A Historical Christmas Event with Elizabeth Essex

Elizabeth Essex is the award-winning author of the critically acclaimed historical romance, including Reckless Brides, and her new Highland Brides series. Elizabeth graduated from Hollins College with a BA in Classics and Art History, and then earned her MA in Nautical Archaeology from Texas A&M University.  While she loved the life of an underwater archaeologist, she has found her true calling writing lush, lyrical historical romance full of passion, daring and adventure.

Her books have been nominated for numerous awards, including the Gayle Wilson Award of Excellence, the Romantic Times Reviewers’ Choice Award and Seal of Excellence Award, and RWA’s prestigious RITA Award. The Reckless Brides Series has also made Top-Ten lists from Romantic Times, The Romance Reviews and Affaire de Coeur Magazine, and Desert Isle Keeper status at All About Romance. Her fifth book, A BREATH OF SCANDAL, was awarded Best Historical in the Reader’s Crown 2013.

Happy Holidays to each and every one of you! I’m thrilled to be  invited back to the festivities here at Ramblings From This Chick’s Historical Christmas Eve. This year, I’ve decided to write about a secret tendre, or crush my heroine, Caledonia McAlden, develops for a very unsuitable man. And though the wish she makes upon her star might take rather longer than she hopes to come to fruition, you can find her happily ever after in my holiday novella, Up On the Rooftops, which is available now in a fabulous anthology titled DASHING ALL THE WAY with Celeste Bradley, Eva Devon and Heather Snow.

The scene you are about to read happens eight years before the events of Up On the Rooftop. I do hope you enjoy it! Cheers, EE

A Christmas Eve's Wish

Edinburgh, Scotland
Christmas Eve, 1805

“What did you get me?”

Caledonia McAlden, youngest child of the McAlden brood, posed the question to her older brother Hugh, home on leave from the Royal Navy, as they sat in front of the roaring yule fire. At least Hugh was sitting, slouched in a wing-backed chair, while Cally lay on her tummy on the rug, dreaming about the presents she would receive a week hence, when the family exchanged presents in the Scot’s tradition, at the turn of new year on the Feast of Hogmanay.

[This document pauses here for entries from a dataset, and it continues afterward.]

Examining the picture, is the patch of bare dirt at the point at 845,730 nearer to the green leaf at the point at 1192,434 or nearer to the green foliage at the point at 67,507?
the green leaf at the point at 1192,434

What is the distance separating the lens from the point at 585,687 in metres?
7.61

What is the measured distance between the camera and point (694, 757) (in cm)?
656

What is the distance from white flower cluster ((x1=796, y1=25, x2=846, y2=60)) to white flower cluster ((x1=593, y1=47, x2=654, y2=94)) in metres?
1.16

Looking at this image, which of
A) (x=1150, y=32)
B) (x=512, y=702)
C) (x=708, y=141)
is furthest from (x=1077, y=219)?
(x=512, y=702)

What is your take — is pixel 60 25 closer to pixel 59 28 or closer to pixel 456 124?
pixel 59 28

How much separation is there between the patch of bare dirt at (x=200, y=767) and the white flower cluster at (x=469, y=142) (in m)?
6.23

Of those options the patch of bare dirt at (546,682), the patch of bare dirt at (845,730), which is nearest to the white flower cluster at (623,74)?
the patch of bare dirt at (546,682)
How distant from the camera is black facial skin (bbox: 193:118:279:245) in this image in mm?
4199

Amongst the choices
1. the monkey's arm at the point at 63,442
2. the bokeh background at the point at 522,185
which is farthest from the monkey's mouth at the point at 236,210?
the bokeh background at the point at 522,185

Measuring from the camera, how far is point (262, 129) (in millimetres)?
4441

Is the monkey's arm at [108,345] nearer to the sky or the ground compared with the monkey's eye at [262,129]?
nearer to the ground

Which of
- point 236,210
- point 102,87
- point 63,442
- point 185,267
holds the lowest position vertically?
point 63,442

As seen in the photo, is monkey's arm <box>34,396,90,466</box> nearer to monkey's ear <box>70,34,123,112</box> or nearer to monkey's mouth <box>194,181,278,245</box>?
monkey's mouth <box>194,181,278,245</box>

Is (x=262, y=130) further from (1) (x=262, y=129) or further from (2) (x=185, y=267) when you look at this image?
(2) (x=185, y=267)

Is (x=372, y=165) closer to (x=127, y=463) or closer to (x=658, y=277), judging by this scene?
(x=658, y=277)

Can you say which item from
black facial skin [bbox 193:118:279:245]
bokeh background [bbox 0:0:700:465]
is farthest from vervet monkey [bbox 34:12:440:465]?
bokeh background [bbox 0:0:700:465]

“Hmm?” Hugh tore his gaze away from the fire. He had probably day-dreaming—or rather evening dreaming, as the hour had gone late—about his much-loved wife, whom Cally had never met because Meggs lived far away on an island in the West Indies. Cally had never been out of Scotland.

“I’m afraid I haven’t got any presents, Cally lass, except my sorry, preoccupied presence—though I can only stay through Christmas day. My ship sails from Portsmouth at the new year.”

“The Royal Navy are stingy stinkers.” Cally stated her opinion with conviction. She could count on one hand the number of times she had seen Hugh in person in all of her sixteen years—he had gone away into the navy years before she was even born—though they corresponded as often as his career as a captain of His Majesty’s Frigate Audacious would allow.

“God’s balls, Cally.” Hugh tried to frown at her, but his mouth turned up at the ends in amusement. “Where did you learn such disreputable language?”

“From your darling lady wife,” Cally was happy to report. “She writes me the most interesting letters. Far better letters than yours.”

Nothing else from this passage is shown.